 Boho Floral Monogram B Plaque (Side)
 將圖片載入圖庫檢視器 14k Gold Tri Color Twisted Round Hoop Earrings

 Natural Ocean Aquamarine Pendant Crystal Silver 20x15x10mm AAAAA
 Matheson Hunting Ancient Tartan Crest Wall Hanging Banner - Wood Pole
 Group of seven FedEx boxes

····················

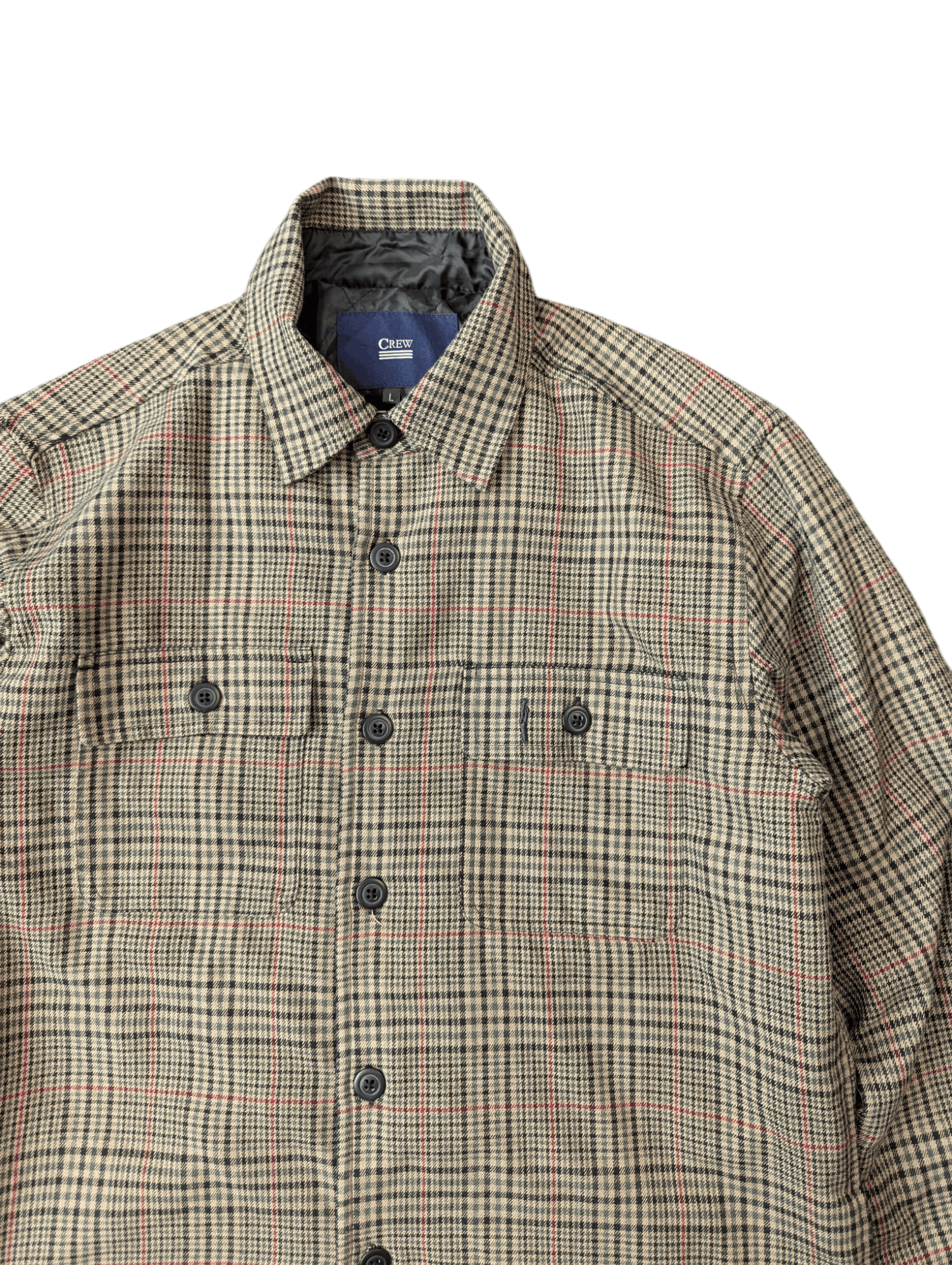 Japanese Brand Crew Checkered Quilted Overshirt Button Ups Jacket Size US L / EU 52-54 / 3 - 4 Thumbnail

····················

In the data above, retype exactly and only the lines between the one holding "將圖片載入圖庫檢視器 14k Gold" and the one holding "Group of seven FedEx boxes", inclusive.

## Expected answer:
 將圖片載入圖庫檢視器 14k Gold Tri Color Twisted Round Hoop Earrings

 Natural Ocean Aquamarine Pendant Crystal Silver 20x15x10mm AAAAA
 Matheson Hunting Ancient Tartan Crest Wall Hanging Banner - Wood Pole
 Group of seven FedEx boxes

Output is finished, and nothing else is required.